Short descriptive text snippets:
========================================

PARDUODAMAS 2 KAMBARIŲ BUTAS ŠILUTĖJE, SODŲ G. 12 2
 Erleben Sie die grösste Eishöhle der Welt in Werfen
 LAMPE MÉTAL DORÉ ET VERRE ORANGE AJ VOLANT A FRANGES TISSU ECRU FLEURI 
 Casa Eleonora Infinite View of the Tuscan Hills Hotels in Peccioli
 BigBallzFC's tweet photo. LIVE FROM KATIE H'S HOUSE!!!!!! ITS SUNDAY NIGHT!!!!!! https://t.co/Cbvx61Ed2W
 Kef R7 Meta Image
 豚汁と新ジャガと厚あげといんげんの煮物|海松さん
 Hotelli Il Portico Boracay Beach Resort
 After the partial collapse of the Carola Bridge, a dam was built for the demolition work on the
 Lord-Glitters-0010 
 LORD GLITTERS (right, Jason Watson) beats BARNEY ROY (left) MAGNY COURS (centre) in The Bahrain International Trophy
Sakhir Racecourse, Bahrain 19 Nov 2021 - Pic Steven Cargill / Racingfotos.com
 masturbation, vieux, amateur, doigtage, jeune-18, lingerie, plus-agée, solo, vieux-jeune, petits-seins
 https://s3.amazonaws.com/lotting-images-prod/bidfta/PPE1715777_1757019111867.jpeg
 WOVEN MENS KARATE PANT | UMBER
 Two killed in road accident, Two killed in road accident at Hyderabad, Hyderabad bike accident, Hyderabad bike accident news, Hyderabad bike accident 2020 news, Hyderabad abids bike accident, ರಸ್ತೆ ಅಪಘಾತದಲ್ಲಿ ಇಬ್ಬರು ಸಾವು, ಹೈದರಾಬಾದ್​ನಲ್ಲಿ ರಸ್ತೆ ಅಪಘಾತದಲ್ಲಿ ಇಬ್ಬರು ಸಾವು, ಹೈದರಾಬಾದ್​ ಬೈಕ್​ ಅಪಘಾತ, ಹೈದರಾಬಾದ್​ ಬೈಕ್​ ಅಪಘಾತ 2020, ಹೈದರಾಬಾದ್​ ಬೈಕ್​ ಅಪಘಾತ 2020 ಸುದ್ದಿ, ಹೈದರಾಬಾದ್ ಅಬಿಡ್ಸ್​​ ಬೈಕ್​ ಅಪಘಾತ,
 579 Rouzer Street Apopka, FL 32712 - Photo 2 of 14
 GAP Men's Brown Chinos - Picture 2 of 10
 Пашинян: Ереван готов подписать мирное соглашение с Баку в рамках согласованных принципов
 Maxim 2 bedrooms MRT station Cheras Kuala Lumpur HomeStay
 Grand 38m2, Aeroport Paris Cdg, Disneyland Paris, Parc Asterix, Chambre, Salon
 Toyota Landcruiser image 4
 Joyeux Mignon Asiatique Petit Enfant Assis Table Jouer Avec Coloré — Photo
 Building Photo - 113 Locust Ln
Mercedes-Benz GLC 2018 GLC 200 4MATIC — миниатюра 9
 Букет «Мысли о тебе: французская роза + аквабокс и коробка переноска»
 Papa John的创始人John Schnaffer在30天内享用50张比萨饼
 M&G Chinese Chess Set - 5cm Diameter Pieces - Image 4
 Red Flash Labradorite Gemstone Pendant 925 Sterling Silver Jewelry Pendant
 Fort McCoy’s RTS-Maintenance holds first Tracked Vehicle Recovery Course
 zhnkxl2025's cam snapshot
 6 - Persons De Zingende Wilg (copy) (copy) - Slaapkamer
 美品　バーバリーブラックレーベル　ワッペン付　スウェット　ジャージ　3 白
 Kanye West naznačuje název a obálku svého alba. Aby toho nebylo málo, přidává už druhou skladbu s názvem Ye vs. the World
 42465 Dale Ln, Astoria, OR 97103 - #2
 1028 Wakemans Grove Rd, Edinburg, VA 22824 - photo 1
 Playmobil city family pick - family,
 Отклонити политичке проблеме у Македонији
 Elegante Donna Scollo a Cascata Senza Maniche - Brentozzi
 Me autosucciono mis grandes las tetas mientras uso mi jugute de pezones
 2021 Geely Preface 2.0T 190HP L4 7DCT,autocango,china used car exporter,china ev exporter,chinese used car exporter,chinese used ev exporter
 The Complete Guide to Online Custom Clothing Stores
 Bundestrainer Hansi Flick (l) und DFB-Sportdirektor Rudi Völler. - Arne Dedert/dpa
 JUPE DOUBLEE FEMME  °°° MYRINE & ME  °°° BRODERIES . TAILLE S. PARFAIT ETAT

========================================

**PROBLEM DETAILS:** What is asked for is an exact copy of the lines above from the one containing "solo, vieux-jeune, petits-seins" through the one containing "Building Photo - 113 Locust Ln", and only those.

**TASK OUTPUT:**
 masturbation, vieux, amateur, doigtage, jeune-18, lingerie, plus-agée, solo, vieux-jeune, petits-seins
 https://s3.amazonaws.com/lotting-images-prod/bidfta/PPE1715777_1757019111867.jpeg
 WOVEN MENS KARATE PANT | UMBER
 Two killed in road accident, Two killed in road accident at Hyderabad, Hyderabad bike accident, Hyderabad bike accident news, Hyderabad bike accident 2020 news, Hyderabad abids bike accident, ರಸ್ತೆ ಅಪಘಾತದಲ್ಲಿ ಇಬ್ಬರು ಸಾವು, ಹೈದರಾಬಾದ್​ನಲ್ಲಿ ರಸ್ತೆ ಅಪಘಾತದಲ್ಲಿ ಇಬ್ಬರು ಸಾವು, ಹೈದರಾಬಾದ್​ ಬೈಕ್​ ಅಪಘಾತ, ಹೈದರಾಬಾದ್​ ಬೈಕ್​ ಅಪಘಾತ 2020, ಹೈದರಾಬಾದ್​ ಬೈಕ್​ ಅಪಘಾತ 2020 ಸುದ್ದಿ, ಹೈದರಾಬಾದ್ ಅಬಿಡ್ಸ್​​ ಬೈಕ್​ ಅಪಘಾತ,
 579 Rouzer Street Apopka, FL 32712 - Photo 2 of 14
 GAP Men's Brown Chinos - Picture 2 of 10
 Пашинян: Ереван готов подписать мирное соглашение с Баку в рамках согласованных принципов
 Maxim 2 bedrooms MRT station Cheras Kuala Lumpur HomeStay
 Grand 38m2, Aeroport Paris Cdg, Disneyland Paris, Parc Asterix, Chambre, Salon
 Toyota Landcruiser image 4
 Joyeux Mignon Asiatique Petit Enfant Assis Table Jouer Avec Coloré — Photo
 Building Photo - 113 Locust Ln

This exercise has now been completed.